ドルが消滅する日が来る?
ドルが消滅する日が来る?

 投資家は、経済がどの道に進んでいるのかを示す兆候や警告に常に注意を払わなければならない。では、具体的にどのような動向に注目すればよいのか? 全米ベストセラー『ドル消滅 国際通貨制度の崩壊は始まっている!』(原題:The Death of Money)の中で、投資銀行家でリスク管理の専門家でもある著者ジェームズ・リカーズは、ドルと国際通貨制度の崩壊を予見している。崩壊時の大混乱を乗り切れるのは、今のうちに準備しておく投資家だけだ。そのために注目すべき「7つのサイン」がある。

1.量的緩和とアベノミクスの終了

アメリカもしくは日本の資産買い入れが持続的に縮小されて、デフレに新たな勢いを与え、資産価格と成長を抑圧するだろう。これは、アメリカでQE1(量的緩和政策第1弾)とQE2(量的緩和政策第2弾)が終了したときに起こったことであり、2012年に日本銀行が約束していた金融緩和を実施しなかったときにも同じことが起こった。

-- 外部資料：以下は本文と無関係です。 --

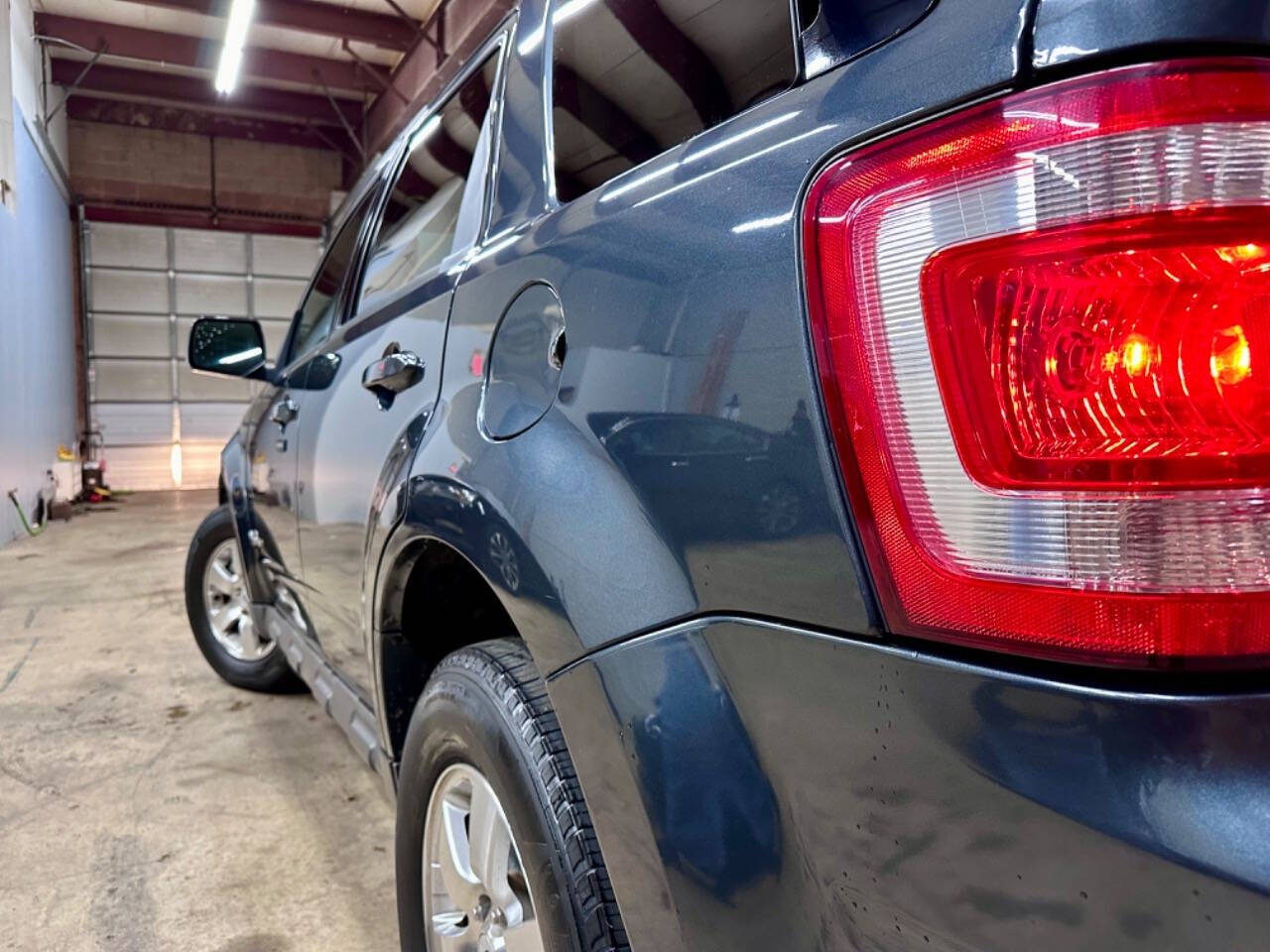 2009 Ford Escape Hybrid for sale at Sapphire Motors in Gurnee, IL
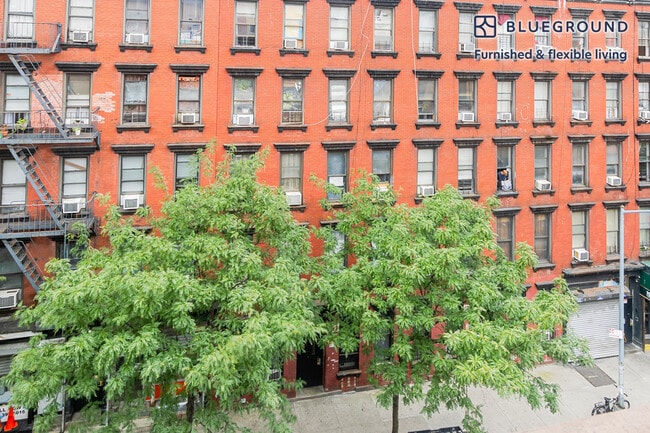 Building Photo - 515 W 47th St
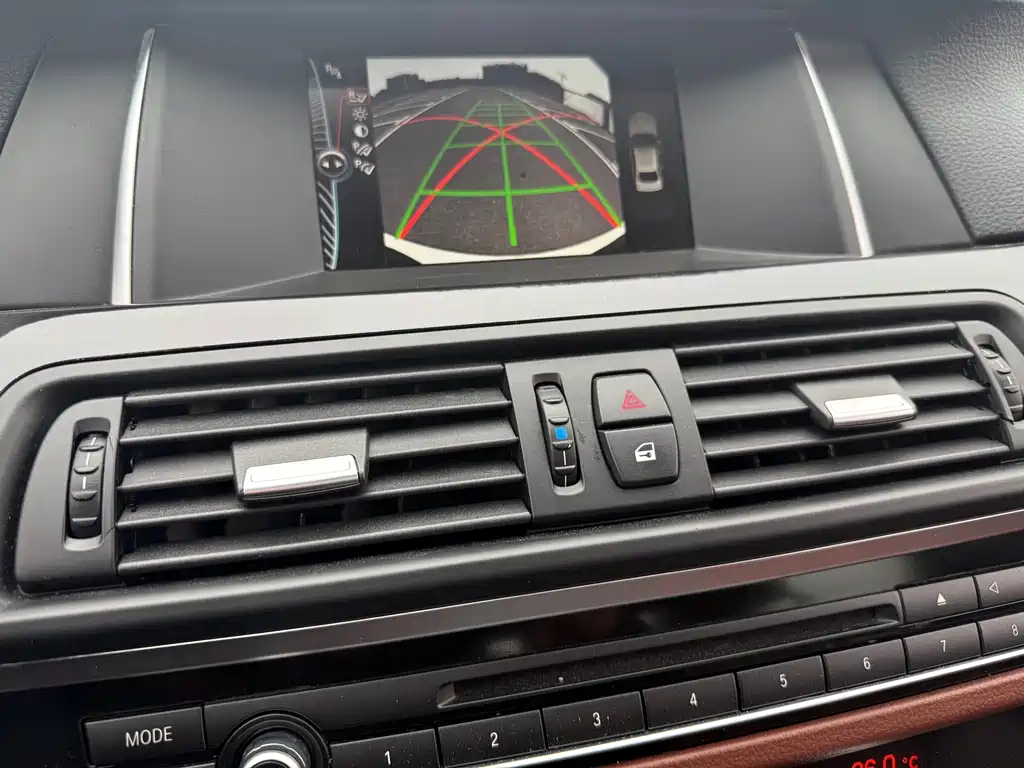 BMW 5 Series 2014 — фото 15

だが、資産買い入れが縮小されるとデフレ効果が発生するため、1年以内にふたたび買い入れが拡大されると考えるべきだ。

2.中国の崩壊

理財商品というポンジ・スキーム(詐欺の一種)の崩壊による、中国の金融崩壊だ。中国の金融部門の他国との相互接続の度合いは、アメリカやヨーロッパの主要銀行に比べると低い。そのため、中国の崩壊は主として国内の問題になり、共産党は政府系ファンドが保有している準備資産を使って、貯蓄者を落ち着かせ、銀行の資本を強化するだろう。

だが、その後は輸出を促進し、雇用を創出し、外国為替市場における人民元を下落させる努力を再開する。それにより、安価な中国の財がグローバル・サプライチェーンにふたたびどっと流れ込むので、短期的にはデフレをもたらし、長期的にはアメリカと日本のインフレをもたらすだろう。その時点で、完全には消え去っていなかった通貨戦争が、ふたたび燃え上がる。

3.金の価格

金の価格は中央銀行によって操作されているが、無秩序な価格変動は、操作の策動が崩壊しつつあるサインだ。1オンス=1500ドルという水準から2500ドルという水準に急上昇した場合、それはバブルではなく、実物買いのパニックが始まっている。逆に、1オンス=800ドル以下に下がった場合には、投資家に破壊的な影響をおよぼすおそれがあるデフレのサインだ。